Your assignment: When copying the data below, keep only the lines from the one with "Calculate the power" through the one with "Bir insan tarafından", word for word, and skip the pictures.

Data records:
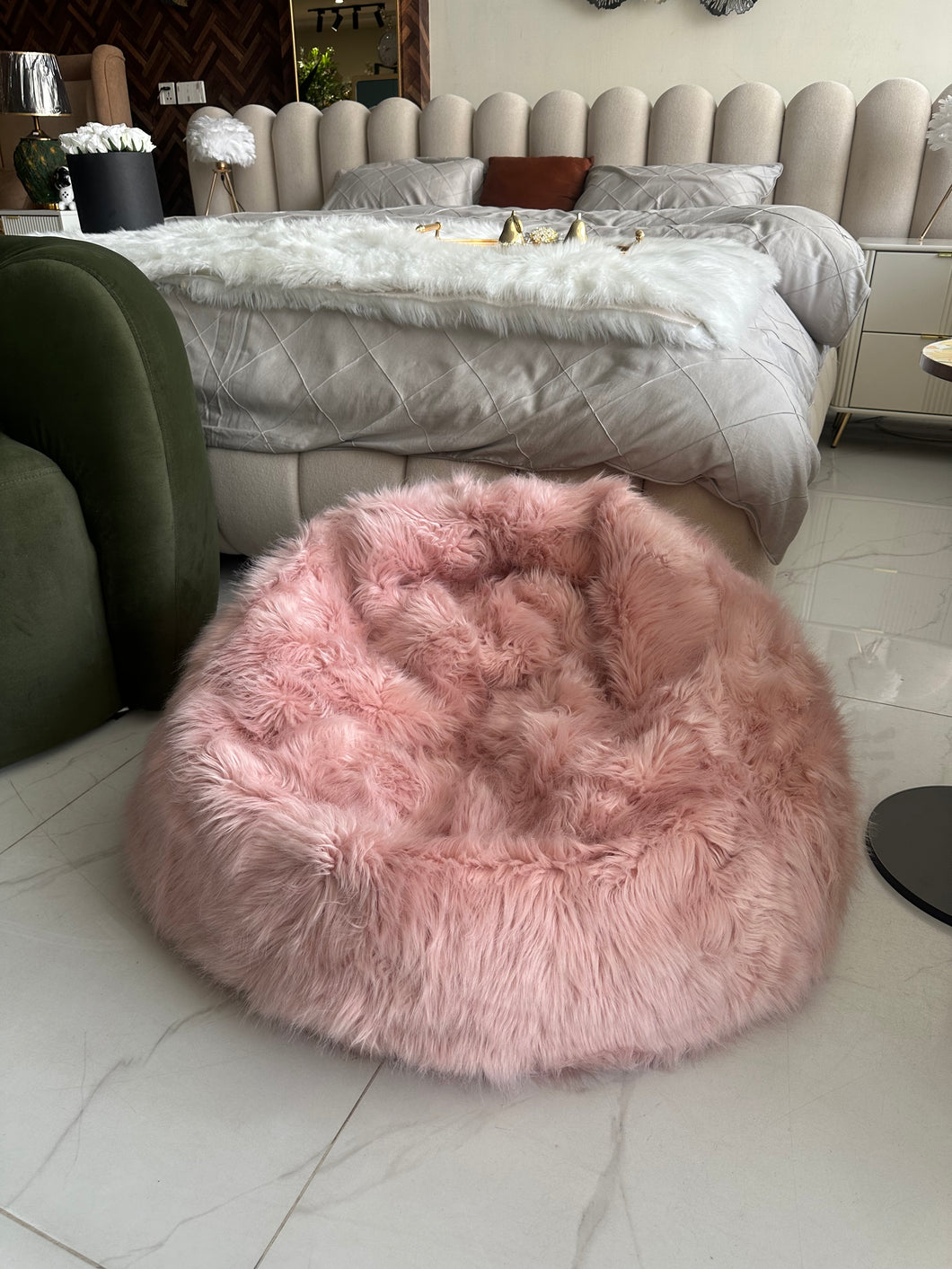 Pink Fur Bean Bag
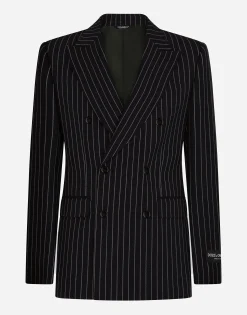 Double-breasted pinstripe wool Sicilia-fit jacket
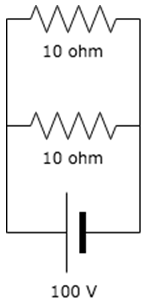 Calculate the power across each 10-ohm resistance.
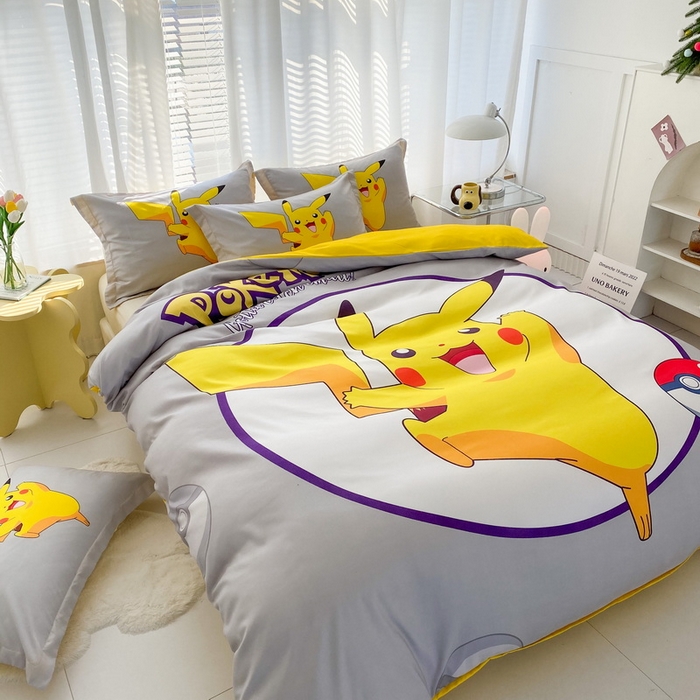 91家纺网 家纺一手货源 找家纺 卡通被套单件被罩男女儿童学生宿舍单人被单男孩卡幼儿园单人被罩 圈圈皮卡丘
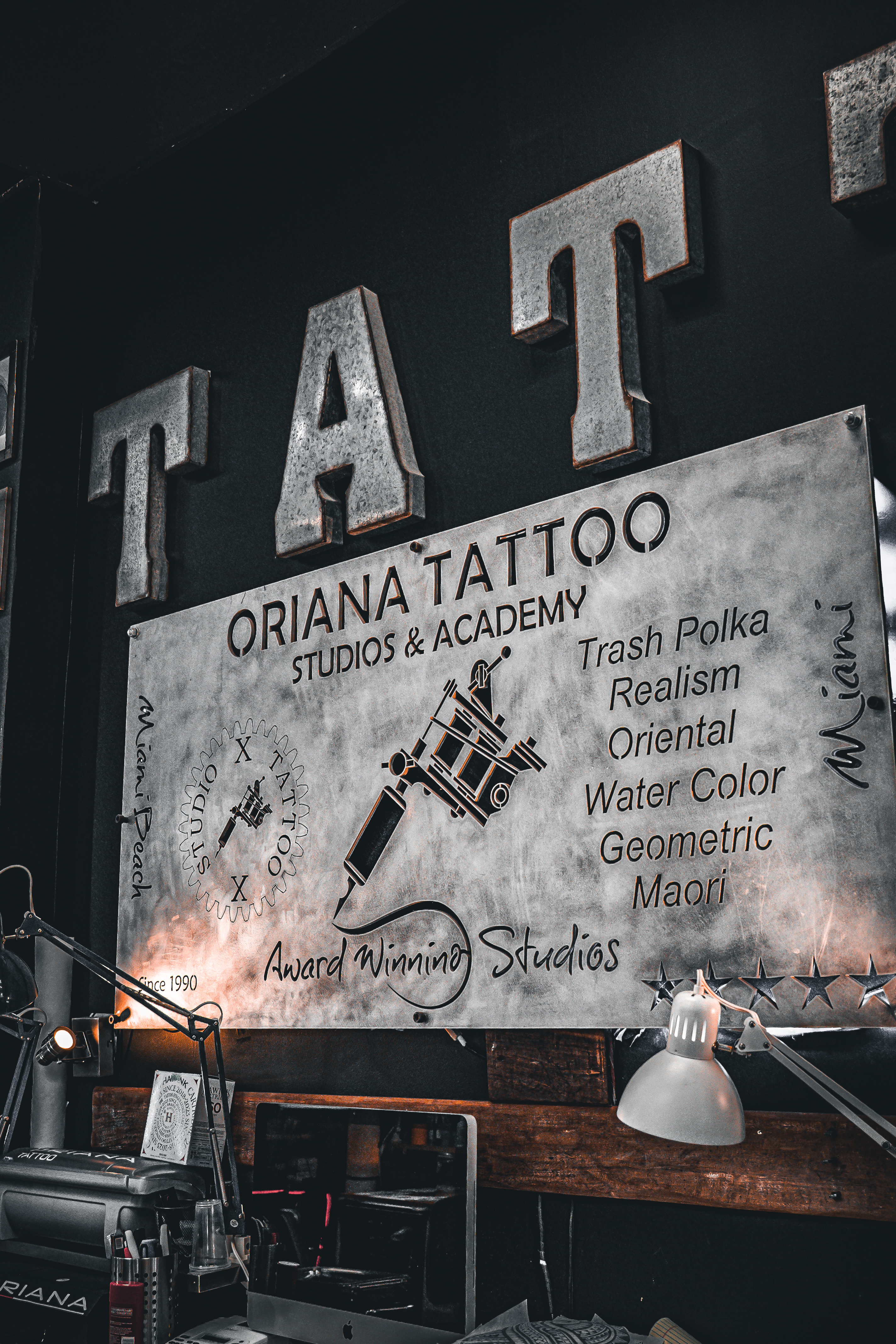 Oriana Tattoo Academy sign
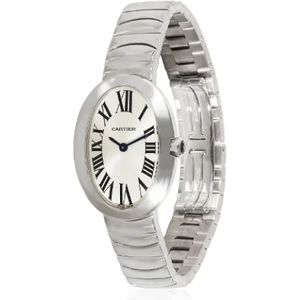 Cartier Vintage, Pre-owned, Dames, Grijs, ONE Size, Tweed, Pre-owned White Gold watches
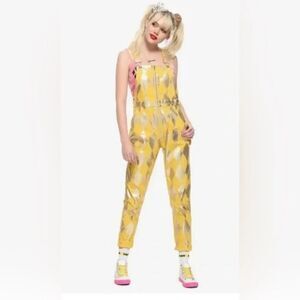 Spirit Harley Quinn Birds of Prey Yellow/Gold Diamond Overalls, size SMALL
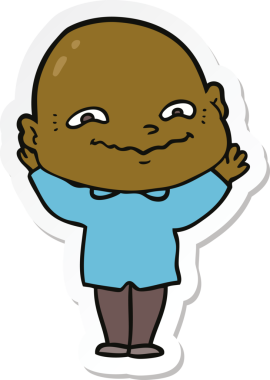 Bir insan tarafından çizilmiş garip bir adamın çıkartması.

...

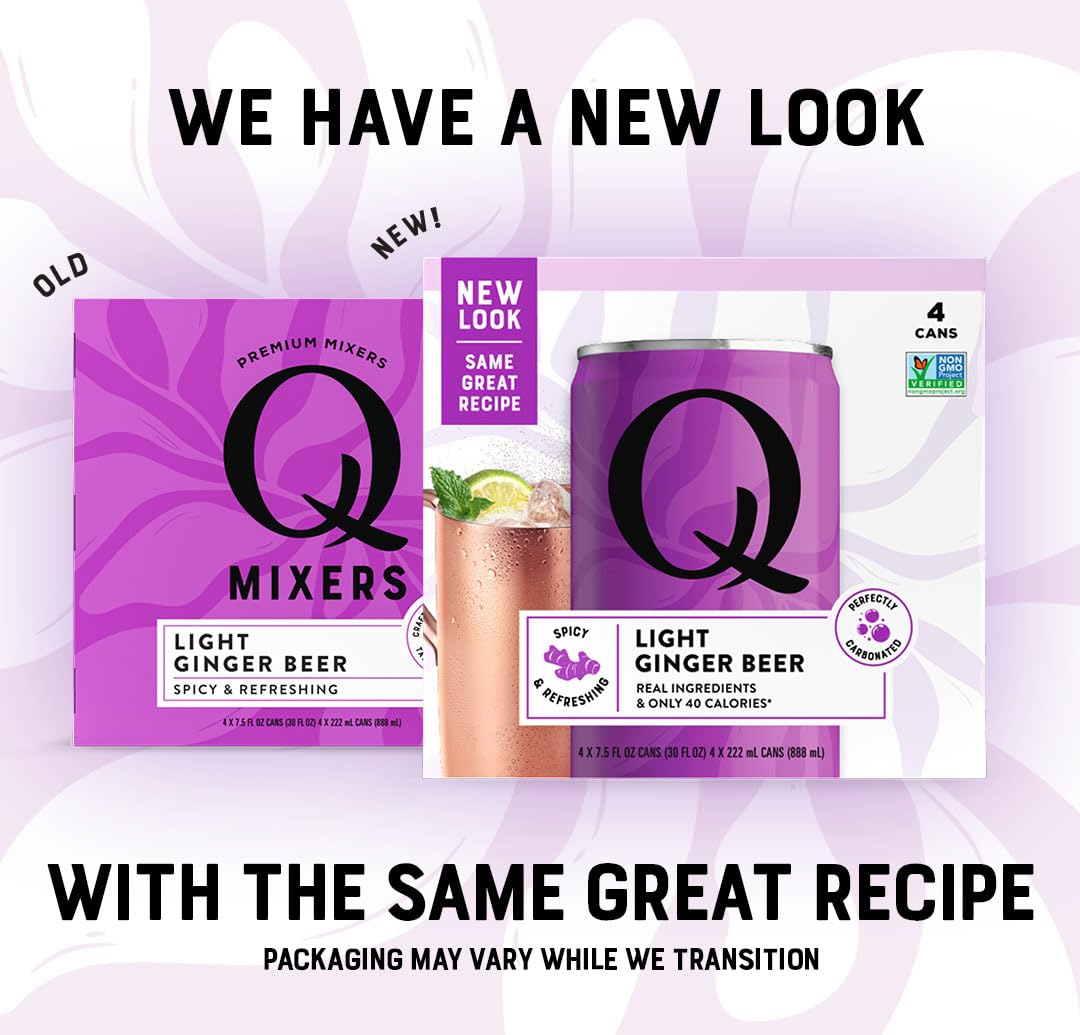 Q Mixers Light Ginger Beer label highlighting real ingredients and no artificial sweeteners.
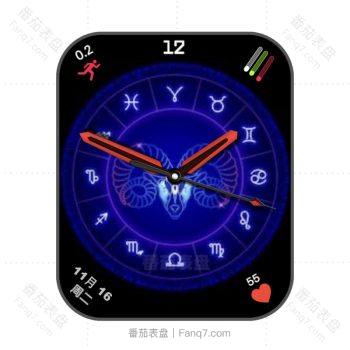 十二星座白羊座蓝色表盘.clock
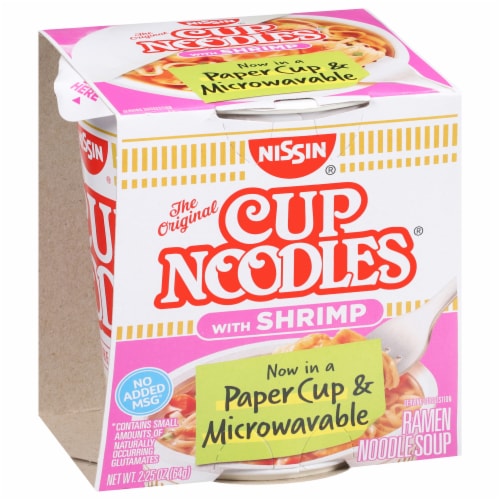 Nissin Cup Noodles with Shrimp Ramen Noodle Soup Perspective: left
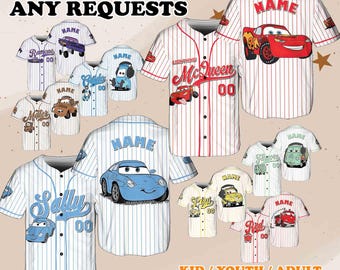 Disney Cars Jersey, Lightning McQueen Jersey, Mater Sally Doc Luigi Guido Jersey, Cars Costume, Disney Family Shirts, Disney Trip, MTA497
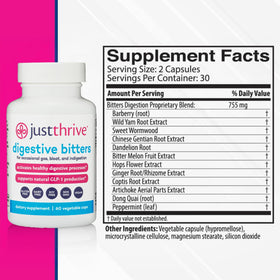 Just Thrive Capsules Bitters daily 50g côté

--

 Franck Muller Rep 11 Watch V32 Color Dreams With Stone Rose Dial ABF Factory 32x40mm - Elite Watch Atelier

Task response:
 Calculate the power across each 10-ohm resistance.
 91家纺网 家纺一手货源 找家纺 卡通被套单件被罩男女儿童学生宿舍单人被单男孩卡幼儿园单人被罩 圈圈皮卡丘
 Oriana Tattoo Academy sign
 Cartier Vintage, Pre-owned, Dames, Grijs, ONE Size, Tweed, Pre-owned White Gold watches
 Spirit Harley Quinn Birds of Prey Yellow/Gold Diamond Overalls, size SMALL
 Bir insan tarafından çizilmiş garip bir adamın çıkartması.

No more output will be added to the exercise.